▶ _AIM OF THE TASK_
Keep each entry exactly as written when you repeat it, and skip the images.

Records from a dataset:
[Start of section]
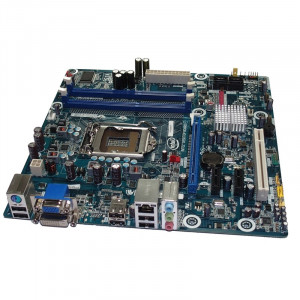 Calculator Gateway DT55, Intel Core I3 540 3.06GHz, 4GB DDR3, 250GB, DVD, 300W - Img 2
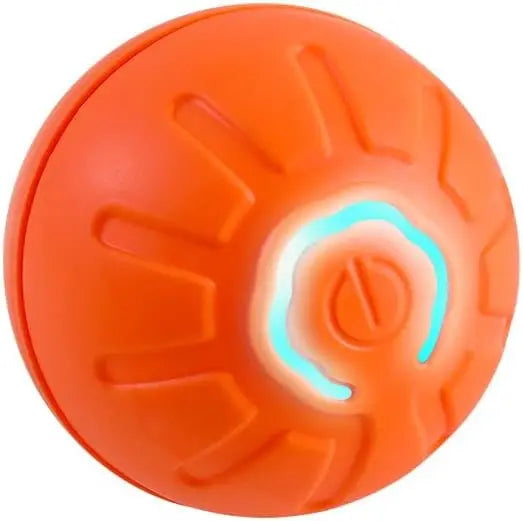 Electric Pet Smart Bouncing Ball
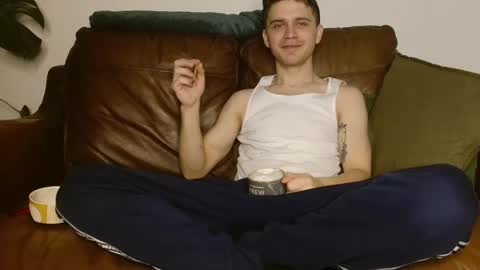 Snapshot of camdoattitude chatting on 11, 2, 2025 CamDoAttitude online show from 11, 2, 2025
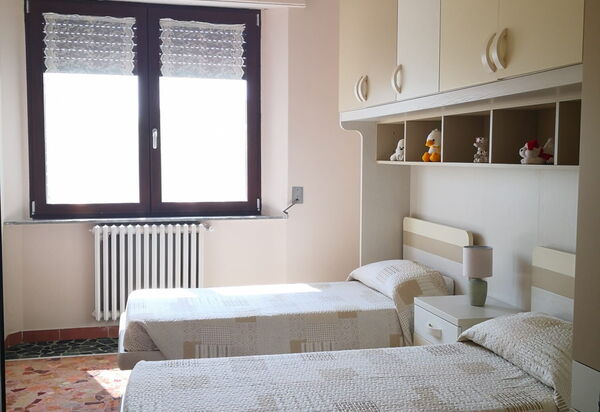 Franco House With Pool: Autunno, Camera da letto, Estate, Primavera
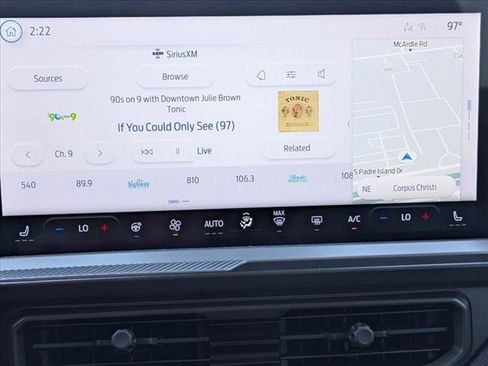 New 2025 Ford Bronco Sport Badlands w/ Badlands Tech Package image 15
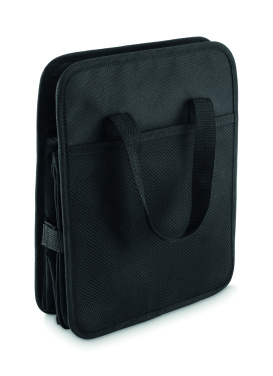 Logotrade corporate gift picture of: Foldable car organiser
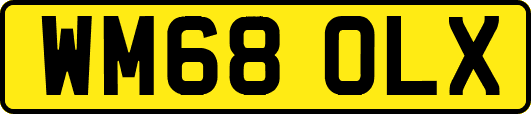 WM68OLX
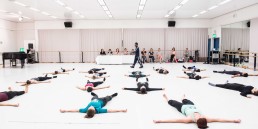 Migros Kulturprozent Talentwettbewerbs Armando Braswell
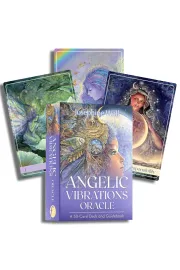 Angelic Vibrations, karty do wrenia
[End of section]
▶ _RESULT OF THE TASK_
 Calculator Gateway DT55, Intel Core I3 540 3.06GHz, 4GB DDR3, 250GB, DVD, 300W - Img 2
 Electric Pet Smart Bouncing Ball
 Snapshot of camdoattitude chatting on 11, 2, 2025 CamDoAttitude online show from 11, 2, 2025
 Franco House With Pool: Autunno, Camera da letto, Estate, Primavera
 New 2025 Ford Bronco Sport Badlands w/ Badlands Tech Package image 15
 Logotrade corporate gift picture of: Foldable car organiser
 WM68OLX
 Migros Kulturprozent Talentwettbewerbs Armando Braswell
 Angelic Vibrations, karty do wrenia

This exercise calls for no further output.